Her: "Thanks for calling. It's my first holiday with this, whatever it is. I just needed a friend today."

Me: "It's a loss and you're grieving that."

Her: "Yes, I couldn't figure out how to put it into words. I feel guilty because I have so much to be thankful for, it just sucks."

Me: "It does suck. Feel your feelings, just let them wash over you. Trying to submerge or repress them is just delaying the healing process. It does suck. We do have much to be grateful for, but that doesn't mean we can't feel those feelings of loss and mourn that. The trick is to avoid letting it keep you down. I'm not always very good at that either. I'm sorry honey."

Her: "What's so funny to me is how I used to use food to avoid my feelings. Now that's gone and I don't know what to do anymore."

Me: "To be that in touch with your feelings is really a beautiful thing to me. I think you're way ahead of the game as far as that goes. One of the worst parts about going to therapy is sitting there and having her ask how I feel. I struggle and try to go through the words I know, it's completely exhausting and then I feel worse instead of better. Next time I go in I'm going to tell her to ask me what I need. That's helpful. Even if I can name the emotion, it doesn't really help me. I hurt my back on the second day of June. Do you realize that I am just now going through and figuring out what I felt back then? I have no idea how people who feel things manage their energy levels, the people who are frustrated with me because I don't know how I feel aren't being fair to me, how would they live their lives if it took them almost six months to understand and process how they were feeling back then?

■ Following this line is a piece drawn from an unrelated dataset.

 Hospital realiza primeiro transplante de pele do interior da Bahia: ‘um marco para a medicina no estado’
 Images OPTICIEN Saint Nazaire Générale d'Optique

I go through things and I'm numb, I do things to try and move past, I get past or through or move on somehow, I don't even know how I did it, only when enough time has passed to give me perspective can I go back and unravel some of what I was feeling. And then the conclusion is so simplistic it makes me feel even worse about myself. I was mad. It took me this long to figure that out, wow, what a stunning insight into myself and other people. I'm grateful for people like you, you are braver than you think. Seriously. This is a great skill. I admire it and you tremendously."

***

Her: "So, can you give me a ride to work tomorrow?"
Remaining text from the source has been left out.